Currently, the national legislation only provides for the possibility of an appeal before non-judicial administrative authorities.
On the basis of the 2009 Visa Code Regulation and the EU Charter of Fundamental Rights, visa applicants have the right to non-arbitrary treatment of their visa application which must be protected by a judicial appeal procedure.
The replies given by Slovakia to the letter of formal notice in 2013 and the reasoned opinions in 2015 and 2018 do not address the concerns raised by the EC.
“The Commission has, therefore, decided to refer Slovakia to the Court of Justice of the EU,” it informed in a press release.
What is the regulation about?
The Visa Code Regulation from 2009 sets out the procedures and conditions for issuing visas for short stays and airport transit. It obliges the member states to provide for a right of appeal against a visa refusal, annulment or revocation.

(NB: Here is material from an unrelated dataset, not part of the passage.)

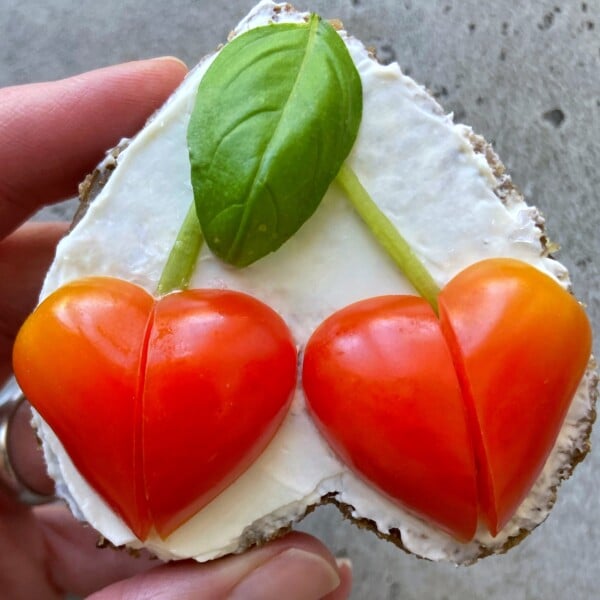 A hand holds a heart-shaped piece of bread topped with white spread, two cherry tomato halves arranged as hearts with green stems, and a basil leaf above them, resembling cherries—a delightful bite perfect for healthy food recipes.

In addition, the EU Treaty obliges Member States to provide sufficient remedies to ensure an effective legal protection in the fields covered by EU law, and the EU Charter of Fundamental Rights grants individuals the right to an effective remedy before a tribunal, when rights and freedoms under Union law are violated.
The EC initiated the infringement procedure by sending a letter of formal notice to the Slovak authorities in February 2013. This was followed by an additional letter of formal notice in October 2013, a reasoned opinion in October 2014 and an additional reasoned opinion in February 2015, the press release reads.